SOURCE MATERIAL
----
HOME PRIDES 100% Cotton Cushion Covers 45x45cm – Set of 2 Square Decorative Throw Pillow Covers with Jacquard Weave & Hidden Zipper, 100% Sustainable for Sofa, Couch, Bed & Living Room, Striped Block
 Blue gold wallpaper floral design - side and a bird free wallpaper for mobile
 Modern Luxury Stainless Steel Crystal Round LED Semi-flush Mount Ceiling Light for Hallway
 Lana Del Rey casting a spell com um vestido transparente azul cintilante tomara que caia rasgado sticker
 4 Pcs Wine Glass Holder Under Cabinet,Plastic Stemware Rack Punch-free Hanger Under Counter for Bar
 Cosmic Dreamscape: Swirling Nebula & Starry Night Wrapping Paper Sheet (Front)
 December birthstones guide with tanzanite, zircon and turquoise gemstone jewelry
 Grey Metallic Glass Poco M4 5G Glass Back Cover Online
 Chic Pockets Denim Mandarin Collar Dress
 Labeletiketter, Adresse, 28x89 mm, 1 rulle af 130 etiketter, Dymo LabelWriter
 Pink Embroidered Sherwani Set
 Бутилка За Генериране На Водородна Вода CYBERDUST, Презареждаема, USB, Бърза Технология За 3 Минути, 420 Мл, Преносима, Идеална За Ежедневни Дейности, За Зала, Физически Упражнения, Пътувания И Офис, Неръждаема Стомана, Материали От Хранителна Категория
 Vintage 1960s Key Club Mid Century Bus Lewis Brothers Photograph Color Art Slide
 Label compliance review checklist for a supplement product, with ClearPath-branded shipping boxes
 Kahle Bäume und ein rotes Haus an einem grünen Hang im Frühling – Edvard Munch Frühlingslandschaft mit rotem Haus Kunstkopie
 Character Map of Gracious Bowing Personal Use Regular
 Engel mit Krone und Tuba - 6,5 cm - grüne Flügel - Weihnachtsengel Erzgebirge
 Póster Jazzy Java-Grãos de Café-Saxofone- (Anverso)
----
TASK DIRECTIONS
An exact, complete copy of the lines above from the one with "Modern Luxury Stainless" through the one with "4 Pcs Wine Glass" is the whole answer.

ANSWER TO THE PROBLEM
 Modern Luxury Stainless Steel Crystal Round LED Semi-flush Mount Ceiling Light for Hallway
 Lana Del Rey casting a spell com um vestido transparente azul cintilante tomara que caia rasgado sticker
 4 Pcs Wine Glass Holder Under Cabinet,Plastic Stemware Rack Punch-free Hanger Under Counter for Bar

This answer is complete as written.